Aunque las autoridades francesas establecieron rápidamente zonas delimitadas y realizaron pruebas exhaustivas para identificar las plantas infectadas, los auditores constataron que la erradicación de estas plantas y de otras en las zonas infectadas se retrasó hasta cinco meses.

Estos retrasos se atribuyeron a un prolongado periodo de licitación, en el que se adjudican contratos a empresas privadas para erradicar las plantas infectadas, a las restricciones de movimiento impuestas durante la pandemia de COVID-19 y al derecho de los propietarios a recurrir los resultados de las pruebas.

Los auditores señalaron que los retrasos en la eliminación de las plantas infectadas y la falta de un esfuerzo coordinado para identificar y controlar las poblaciones de insectos vectores «suscitaban serias dudas» sobre la posibilidad de erradicar la Xylella fastidiosa en la Francia continental.

En Córcega, los auditores señalaron que las autoridades no cumplieron con la normativa europea que restringe el movimiento de plantas infectadas. Si bien reconocieron que los controles en los puertos eran adecuados, indicaron que no se realizaban controles en los barcos que partían hacia España o Italia con especies vegetales susceptibles.
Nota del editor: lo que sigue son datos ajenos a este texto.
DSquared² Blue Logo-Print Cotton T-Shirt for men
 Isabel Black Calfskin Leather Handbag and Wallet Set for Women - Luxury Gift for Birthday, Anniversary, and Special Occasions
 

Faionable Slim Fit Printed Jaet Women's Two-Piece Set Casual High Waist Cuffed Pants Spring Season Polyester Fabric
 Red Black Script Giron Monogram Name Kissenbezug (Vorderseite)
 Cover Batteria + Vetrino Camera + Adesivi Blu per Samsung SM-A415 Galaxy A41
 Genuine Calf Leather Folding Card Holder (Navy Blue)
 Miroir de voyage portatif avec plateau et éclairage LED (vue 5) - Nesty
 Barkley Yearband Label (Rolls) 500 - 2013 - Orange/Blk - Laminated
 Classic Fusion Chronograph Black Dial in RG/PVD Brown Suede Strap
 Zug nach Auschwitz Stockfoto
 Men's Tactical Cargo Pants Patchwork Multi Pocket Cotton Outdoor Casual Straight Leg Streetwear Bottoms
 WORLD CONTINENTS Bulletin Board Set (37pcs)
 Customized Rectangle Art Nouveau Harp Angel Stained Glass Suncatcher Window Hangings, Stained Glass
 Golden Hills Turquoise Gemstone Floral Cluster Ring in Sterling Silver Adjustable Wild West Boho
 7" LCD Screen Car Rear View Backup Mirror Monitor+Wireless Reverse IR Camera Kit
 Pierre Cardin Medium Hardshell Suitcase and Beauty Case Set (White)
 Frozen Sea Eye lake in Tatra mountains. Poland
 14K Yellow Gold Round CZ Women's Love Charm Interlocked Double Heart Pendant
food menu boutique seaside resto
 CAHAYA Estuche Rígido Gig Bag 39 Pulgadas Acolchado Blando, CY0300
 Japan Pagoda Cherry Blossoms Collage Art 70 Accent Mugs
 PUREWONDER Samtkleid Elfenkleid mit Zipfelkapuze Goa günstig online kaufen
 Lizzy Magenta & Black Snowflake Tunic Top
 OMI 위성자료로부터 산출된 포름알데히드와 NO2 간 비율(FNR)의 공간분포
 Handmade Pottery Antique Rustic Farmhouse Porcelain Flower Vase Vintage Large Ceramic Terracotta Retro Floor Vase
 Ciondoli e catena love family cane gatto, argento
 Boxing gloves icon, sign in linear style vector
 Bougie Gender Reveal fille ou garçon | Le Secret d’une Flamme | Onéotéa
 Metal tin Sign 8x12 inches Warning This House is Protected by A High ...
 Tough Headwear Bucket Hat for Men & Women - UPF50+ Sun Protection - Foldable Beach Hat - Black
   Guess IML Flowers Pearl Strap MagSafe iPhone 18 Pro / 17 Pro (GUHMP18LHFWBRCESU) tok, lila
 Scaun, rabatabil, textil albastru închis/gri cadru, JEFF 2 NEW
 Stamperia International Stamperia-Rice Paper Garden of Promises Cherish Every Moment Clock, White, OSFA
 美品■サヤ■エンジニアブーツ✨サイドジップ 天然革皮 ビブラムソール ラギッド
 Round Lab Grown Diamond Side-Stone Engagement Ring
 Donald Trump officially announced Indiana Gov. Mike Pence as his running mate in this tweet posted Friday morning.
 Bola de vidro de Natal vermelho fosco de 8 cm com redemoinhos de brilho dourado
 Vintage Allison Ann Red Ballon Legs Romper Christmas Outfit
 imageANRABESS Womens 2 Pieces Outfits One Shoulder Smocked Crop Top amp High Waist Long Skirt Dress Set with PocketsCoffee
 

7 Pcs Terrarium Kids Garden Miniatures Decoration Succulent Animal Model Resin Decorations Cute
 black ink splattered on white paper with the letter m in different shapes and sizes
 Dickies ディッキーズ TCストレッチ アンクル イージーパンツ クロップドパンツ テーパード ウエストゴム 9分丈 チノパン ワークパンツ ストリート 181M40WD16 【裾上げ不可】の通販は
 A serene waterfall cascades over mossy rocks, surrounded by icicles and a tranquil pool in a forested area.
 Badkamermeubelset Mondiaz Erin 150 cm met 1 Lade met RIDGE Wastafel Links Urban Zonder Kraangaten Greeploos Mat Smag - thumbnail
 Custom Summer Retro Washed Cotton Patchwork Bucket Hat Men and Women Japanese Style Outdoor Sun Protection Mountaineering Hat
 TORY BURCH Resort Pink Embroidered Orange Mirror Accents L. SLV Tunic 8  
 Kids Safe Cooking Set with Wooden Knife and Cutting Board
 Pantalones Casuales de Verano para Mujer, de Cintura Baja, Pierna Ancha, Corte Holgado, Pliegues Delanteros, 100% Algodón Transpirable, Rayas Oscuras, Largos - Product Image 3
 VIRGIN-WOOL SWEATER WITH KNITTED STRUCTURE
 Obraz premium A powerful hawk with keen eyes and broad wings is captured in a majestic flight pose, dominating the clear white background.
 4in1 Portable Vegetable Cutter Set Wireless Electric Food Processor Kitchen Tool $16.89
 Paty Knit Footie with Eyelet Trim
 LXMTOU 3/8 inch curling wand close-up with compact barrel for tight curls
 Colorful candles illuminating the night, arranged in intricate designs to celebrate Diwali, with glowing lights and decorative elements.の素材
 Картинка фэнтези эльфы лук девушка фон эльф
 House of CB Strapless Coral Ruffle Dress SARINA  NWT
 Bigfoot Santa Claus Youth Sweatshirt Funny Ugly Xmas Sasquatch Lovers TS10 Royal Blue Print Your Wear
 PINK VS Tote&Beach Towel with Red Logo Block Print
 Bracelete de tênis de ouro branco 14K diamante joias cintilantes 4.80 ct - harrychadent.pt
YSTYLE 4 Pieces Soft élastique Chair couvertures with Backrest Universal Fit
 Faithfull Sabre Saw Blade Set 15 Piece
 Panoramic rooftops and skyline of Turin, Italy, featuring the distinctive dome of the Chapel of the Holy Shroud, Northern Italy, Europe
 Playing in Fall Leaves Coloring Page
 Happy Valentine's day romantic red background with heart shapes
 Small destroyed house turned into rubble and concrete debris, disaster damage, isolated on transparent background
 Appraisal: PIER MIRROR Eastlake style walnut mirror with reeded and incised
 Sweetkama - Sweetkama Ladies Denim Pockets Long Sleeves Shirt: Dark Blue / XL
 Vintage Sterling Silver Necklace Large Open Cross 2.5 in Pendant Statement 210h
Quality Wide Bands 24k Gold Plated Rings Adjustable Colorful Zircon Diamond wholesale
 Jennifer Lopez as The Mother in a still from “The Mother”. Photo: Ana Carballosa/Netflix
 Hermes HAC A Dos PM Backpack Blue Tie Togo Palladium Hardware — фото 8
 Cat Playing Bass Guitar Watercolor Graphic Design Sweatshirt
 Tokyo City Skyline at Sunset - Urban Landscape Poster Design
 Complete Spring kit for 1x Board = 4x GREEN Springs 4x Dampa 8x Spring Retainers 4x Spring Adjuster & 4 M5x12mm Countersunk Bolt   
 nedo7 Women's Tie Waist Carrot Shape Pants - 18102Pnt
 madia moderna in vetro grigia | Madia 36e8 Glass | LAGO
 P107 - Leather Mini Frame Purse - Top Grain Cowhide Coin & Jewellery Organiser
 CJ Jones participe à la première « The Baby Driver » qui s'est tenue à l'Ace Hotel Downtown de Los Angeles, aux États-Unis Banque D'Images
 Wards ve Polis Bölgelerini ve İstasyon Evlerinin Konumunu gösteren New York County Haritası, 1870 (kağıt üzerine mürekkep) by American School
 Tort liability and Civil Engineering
En la Francia continental, los auditores señalaron que las autoridades no establecieron una infraestructura adecuada para controlar los movimientos de plantas en carreteras o puertos, lo que significa que es posible que se hayan transportado plantas potencialmente infectadas a otras partes de Francia, España e Italia.

No obstante, los auditores señalaron que las autoridades locales y nacionales habían actuado correctamente al informar al público sobre la amenaza de la Xylella fastidiosa, lo que podría haber contribuido a evitar la propagación a otras zonas agrícolas.

Los auditores concluyeron el informe con seis recomendaciones para que las autoridades adopten medidas para subsanar los problemas identificados.